Fig. 3. Superconducting gap of PdBi₂ for in-plane magnetic field.

a Main panel: Superconducting order parameter $\mathrm{\Delta }$ extracted from fits to individual spectra vs in-plane magnetic field $B^{\parallel }$. Data for device A ($d\approx$ 80 nm), $T=$0.3 K. Red squares correspond to $\mathrm{\Delta }\left(B^{\parallel }\right)$ extracted using the Maki theory and BCS DoS, dark-blue squares to nodal DoS (see text), and green squares are fit to the Maki theory in the intermediate region. The red solid line is fit for Eqs. (9, 10) yielding an apparent critical field for low-$B$ s-wave superconductivity $B_{\mathrm{c}}^{s-\mathrm{wave}}\approx 0.25$T. The Dashed blue line is a guide to the eye. Insets: Detailed view of $\mathrm{\Delta }\left(B^{\parallel }\right)$ in the low-B region for device A (top inset) and device B (bottom inset). A pronounced kink in $\mathrm{\Delta }\left(B^{\parallel }\right)$ seen for both devices, corresponds to suppression of the s-wave gap followed by the appearance of a new order parameter, as emphasised by the dashed lines (guides to the eye). b Representative spectra at $B<B*$ (red squares) and $B>B*$ (dark-blue squares) revealing the change from conventional (s-wave) to nodal gap. Solid lines are fits to the two models, see legend. Details of fitting are explained in Methods. c Evolution of the depairing strength parameter $\zeta \left(B^{\mathrm{\mid \mid }}\right)$ extracted from fitting of the experimental spectra to the Maki theory (blue symbols). Below $B*$, $\zeta$ follows the expected behaviour for an s-wave superconductor with a critical field $B_{\mathrm{c}}^{s-\mathrm{wave}}=0.25\mathrm{T;this\; is}$ shown by the red solid line calculated using Eqs. (11), (12) (“Methods”). The dashed green line shows $\zeta \left(B^{\mathrm{\mid \mid }}\right)$ calculated using the same equations for an $s$-wave superconductor with $B_{\text{c}2}=1.6\mathrm{T}$ (actual upper critical field for our PdBi₂). Attempting to apply the Maki theory above $B*$ (as detailed in Supplementary Fig. 5b) results in unphysically large values of $\zeta$; this is clear from a comparison between the extracted $\zeta$ (blue symbols) and the theory prediction (dashed green line). d Evolution of zero-bias conductance with $B^{\parallel }$ for device A (blue) and device B (red). For comparison, dashed lines show corresponding results predicted by theory (green) and experimental data for a conventional BCS superconductor (75 nm Sn film) taken from ref. (black). Source data are provided as a Source Data file.

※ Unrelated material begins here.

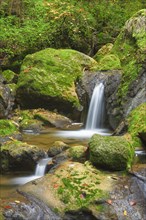 Twannbach Gorge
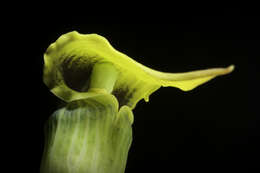 Image of Arisaema flavum (Forssk.) Schott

Fig. 4. Effect of the magnetic field on the free energy of s-wave and p-wave superconducting states of β-PdBi₂ and the corresponding phase diagram.

a Normalised free energy at $T=0.1T_{\text{c}}$ for several values of the magnetic field (colour-coded as indicated by dots in (b)) as a function of two possible order parameters: p-wave ${\mathrm{\Delta }}_p$ in BCS units of $\mathrm{\Delta }/1.76{\mathrm{k}}_{\mathrm{B}}{T}_{\mathrm{c}}$ to the left of 0 (negative values) and s-wave ${\mathrm{\Delta }}_s$ to the right. Within our model, p-wave pairing is insensitive to the magnetic field. Bottom-left inset: Isotropic lift of band degeneracy due to out-of-plane magnetic field. States of opposite momenta have opposite spin polarisations, favouring s-wave coupling. Top and bottom-right insets: Anisotropic lift of band degeneracy due to the in-plane magnetic field. States of opposite momenta, perpendicular to the direction of B, have parallel spin polarisation, favoring p-wave coupling. b Phase diagram constructed by minimising the free energy $F\left(\psi ,\eta ,B,T\right)$ for the $s$-wave order parameter $\psi$ and a spin-polarised triplet order parameter $\eta$. Transition to the nodal p-wave state occurs at a temperature-independent field $B*$. Coloured dots indicate the values of $B$ corresponding to the free energy curves shown in (a). Source data are provided as a Source Data file.